Ces questions, tout médecin de premier recours se les est posées en présence d'un voyageur fébrile de retour d'une zone tropicale ou en présence d'un migrant récemment débarqué en Suisse. C'est en pensant aux préoccupations de nos collègues qui n'ont pas le temps d'aller se plonger dans les livres de référence, par ailleurs peu utiles en face d'un cas singulier, que nous avons décidé de développer des recommandations pour la pratique clinique concernant la fièvre chez les voyageurs et migrants. De nombreuses listes de diagnostics à considérer en présence d'un symptôme ou signe circulent mais sont d'un usage difficile car elles impliquent une connaissance déjà approfondie de la part de l'utilisateur, notamment au niveau de la distribution géographique des maladies et de leurs temps d'incubation,1 et des procédures diagnostiques pour parvenir à une confirmation. Nous avons sciemment choisi une approche nouvelle destinée surtout à aider les médecins de premier recours. La stratégie a été de se concentrer sur le diagnostic des maladies tropicales, en excluant délibérément les maladies autochtones que les médecins doivent de toute façon considérer et avec lesquelles ils sont familiers. Ces recommandations ont pour objectifs de les aider à la prise de décision et en même temps d'améliorer le niveau de connaissance des personnes en charge de malades fébriles revenant des contrées lointaines en utilisant une approche basée sur la preuve. Pour s'assurer d'une dissémination large et de la disponibilité des recommandations en tout temps et en tout lieu, nous avons construit un site internet dans lequel le médecin de premier recours peut naviguer après avoir récolté les informations nécessaires chez son patient.
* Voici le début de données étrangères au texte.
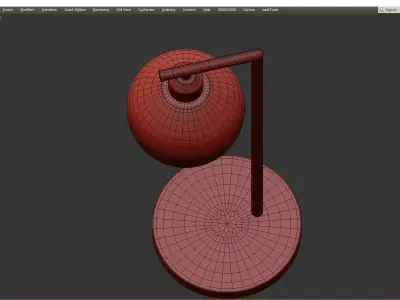 Ashton Gold and Marble Task Lamp Low-poly 3D model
Les recommandations devraient aider le médecin en fournissant des suggestions basées sur les preuves concernant :
I Les questions à poser sur les conditions de voyage et les problèmes de santé.
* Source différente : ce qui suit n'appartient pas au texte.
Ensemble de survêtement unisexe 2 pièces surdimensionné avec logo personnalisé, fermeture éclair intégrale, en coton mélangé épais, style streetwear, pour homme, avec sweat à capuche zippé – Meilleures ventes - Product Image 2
I La recherche de signes spécifiques.
I Le choix des tests diagnostiques spécifiques à pratiquer.
I La décision d'administrer un traitement (présomptif ou après documentation).
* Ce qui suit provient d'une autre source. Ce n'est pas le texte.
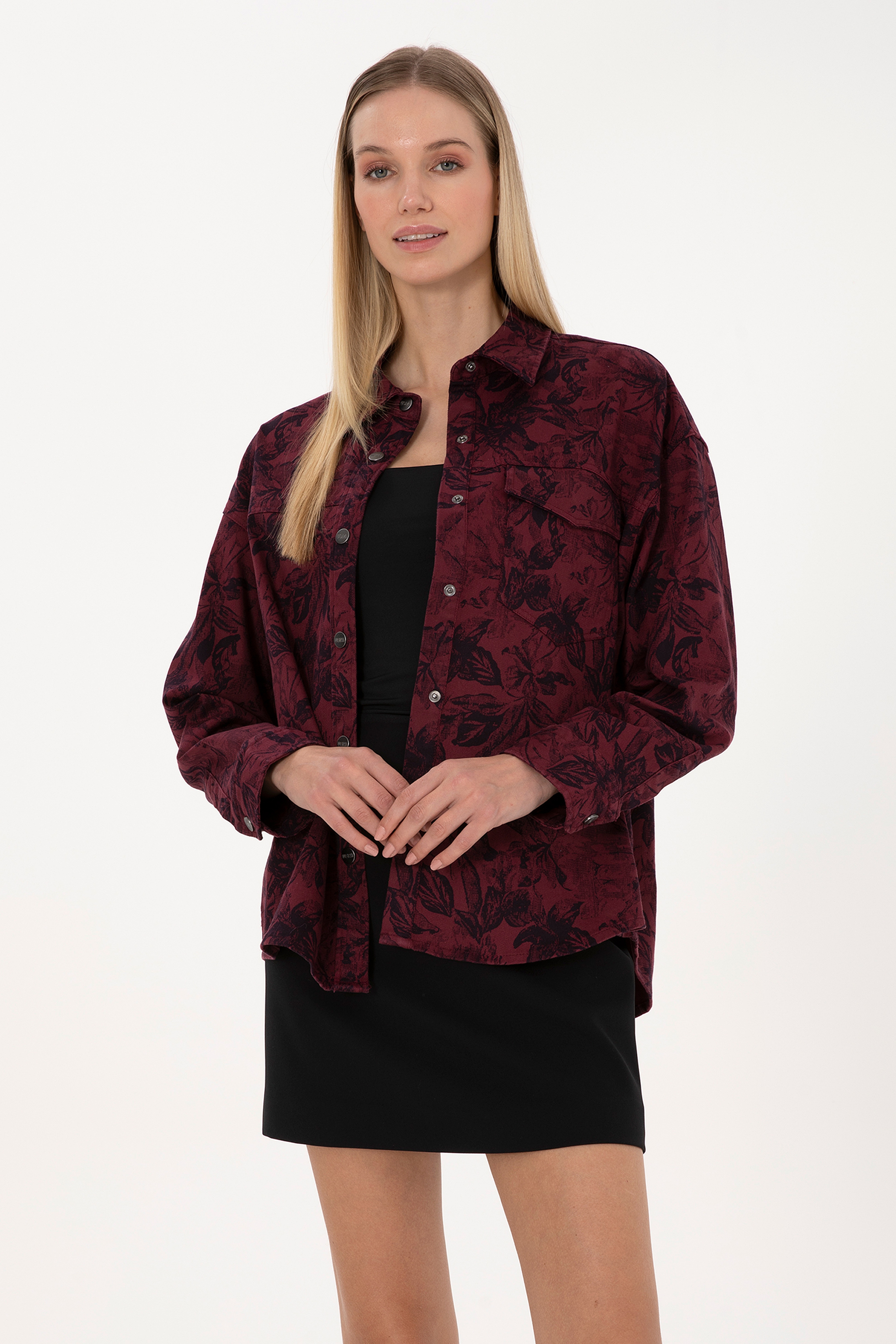 Kadın Bordo Uzun Kollu Gömlek - Image 3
I La décision d'hospitaliser.
Ces recommandations devraient aider les patients en réduisant :
I La morbidité (durée et sévérité des symptômes) et potentiellement la mortalité.
I L'exposition à des procédures diagnostiques invasives ou à des médicaments inutiles.
I Une hospitalisation inappropriée ou un transfert inutile dans un centre spécialisé.
L'ensemble de ces mesures devrait permettre une approche plus rationnelle visant également à réduire les coûts.
Médecins de premier recours (ambulatoires et hospitaliers, spécialistes en médecine interne, en médecine d'urgence, en maladies infectieuses et débutants en médecine des voyages).
Voyageurs pendant ou au retour de voyage dans une zone tropicale ou subtropicale (où l'épidémiologie des maladies transmissibles est clairement différente de celle des pays tempérés) se plaignant de fièvre au sens large du terme (par exemple une température supérieure à 37,5°, une impression de fièvre, un sentiment d'alternance chaud-froid, des frissons ou des maux de tête). L'inclusion des migrants a été largement débattue et repose sur le fait que la plupart des études sur la fièvre au retour de voyage ne distinguent pas la population des voyageurs de celle des migrants. En plus, le périple de ces derniers est souvent inconnu du médecin de premier recours et peut passer par des zones endémiques pour différentes maladies, dont la malaria.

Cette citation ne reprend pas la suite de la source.